Does the name *open* belong to the built-in or the global scope in this example?

Consider this code snippet:

global open
print(open)

which gives the following result:

<built-in function open>

My question is: Does the name open belong to the built-in or the global scope in this example?

I thought that the global declaration will force the name open to be mapped to the global scope (and, thus, will lead us to an error), which is not happening here. Why?

Solution

  • First, the direct answer:

    The name open belongs to the top-level namespace. Which essentially means "look up in globals, fallback to builtins; assign to globals".

    Adding global open just forces it to belong to the top-level namespace, where it already was. (I'm assuming this is top-level code, not inside a function or class.)

    Does that seem to contract what you read? Well, it's a bit more complicated.

    According to the reference docs:

    The global statement is a declaration which holds for the entire current code block. It means that the listed identifiers are to be interpreted as globals.

    But, despite what other parts of the docs seem to imply, "interpreted as globals" doesn't actually mean "searched in the global namespace", but "searched in the top-level namespace", as documented in Resolution of names:

    Names are resolved in the top-level namespace by searching the global namespace, i.e. the namespace of the module containing the code block, and the builtins namespace, the namespace of the module builtins. The global namespace is searched first. If the name is not found there, the builtins namespace is searched.

    And "as globals" means "the same way that names in the global namespace are looked up", aka "in the top-level namespace".

    And, of course, assignment to the top-level namespace always goes to globals, not builtins. (That's why you can shadow the builtin open with the global open in the first place.)

    Also, notice that, as explained in the exec and eval docs, even this isn't quite true for code run through exec:

    If the globals dictionary does not contain a value for the key __builtins__, a reference to the dictionary of the built-in module builtins is inserted under that key.

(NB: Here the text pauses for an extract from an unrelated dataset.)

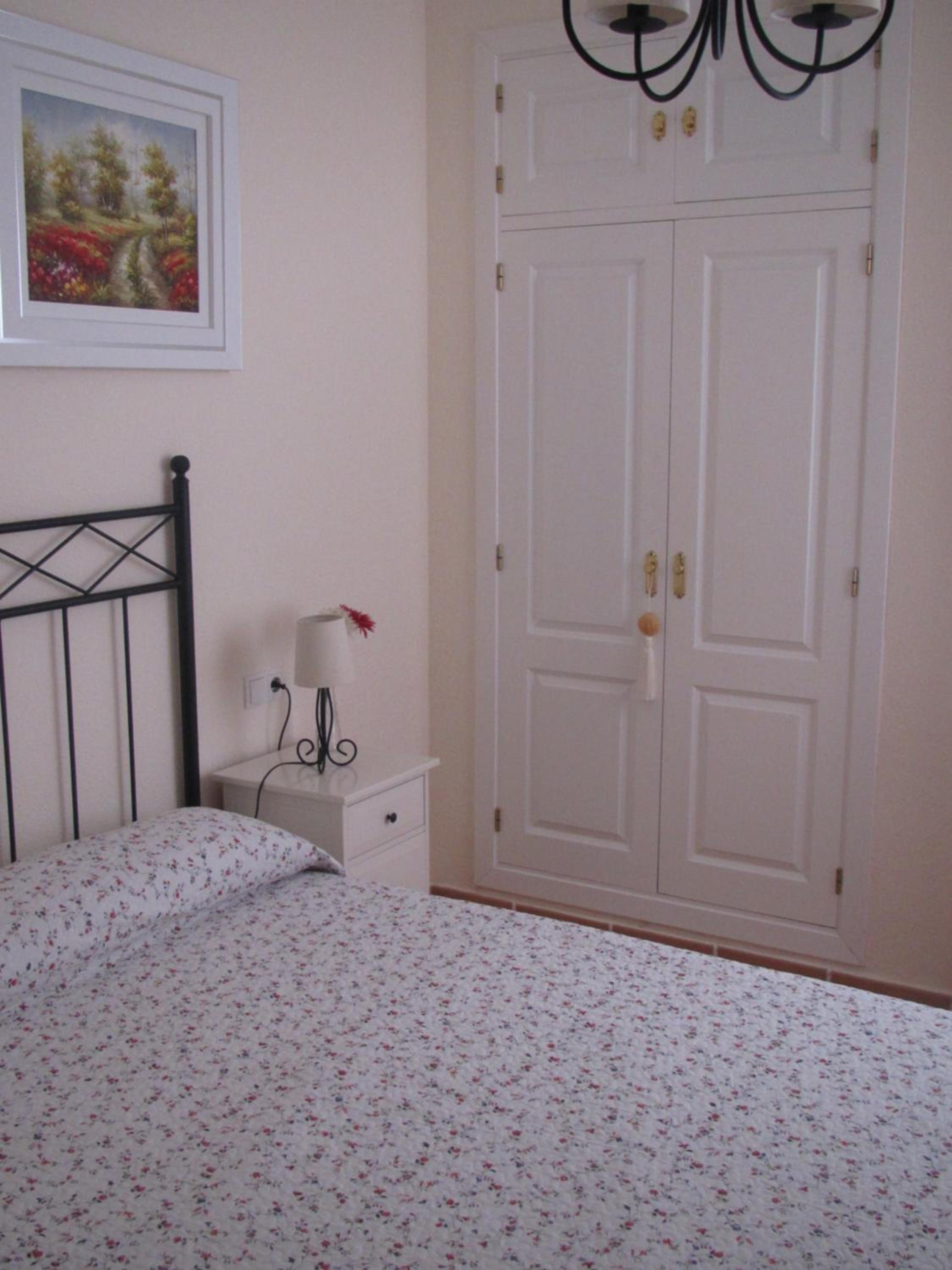 APARTAMENTO LA HACIENDA GOLF DE ISLANTILLA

That way you can control what builtins are available to the executed code by inserting your own __builtins__ dictionary into globals before passing it to exec().

    And exec is, ultimately, how modules and scripts get executed.

    So, what really happens—at least by default—is that the global namespace is searched; if the name is not found, the global namespace is searched for a __builtins__ value; if that's a module or a mapping, it's searched.

    If you're curious how this works in CPython in particular:

    • At compile time:
      • The compiler builds a symbol table for a function, separating names out into freevars (nonlocals), cellvars (locals that are used as nonlocals by nested functions), locals (any other locals) and globals (which of course technically means "top-level namespace" variables). This is where the global statement comes into play: it forces the name to be added to the global symbol table instead of a different one.
      • Then it compiles the code, and emits LOAD_GLOBAL instructions for the globals. (And it stores the various names in tuple members on the code object, like co_names for globals and co_cellvars for cellvars and so on.)
    • At runtime:
      • When a function object gets created from compiled code, it gets __globals__ attached to it as an attribute.
      • When a function gets called, its __globals__ becomes the f_globals for the frame.
      • The interpreter's eval loop then handles each LOAD_GLOBAL instruction by doing exactly what you'd expect with that f_globals, including the fallback to __builtins__ as described in the exec docs.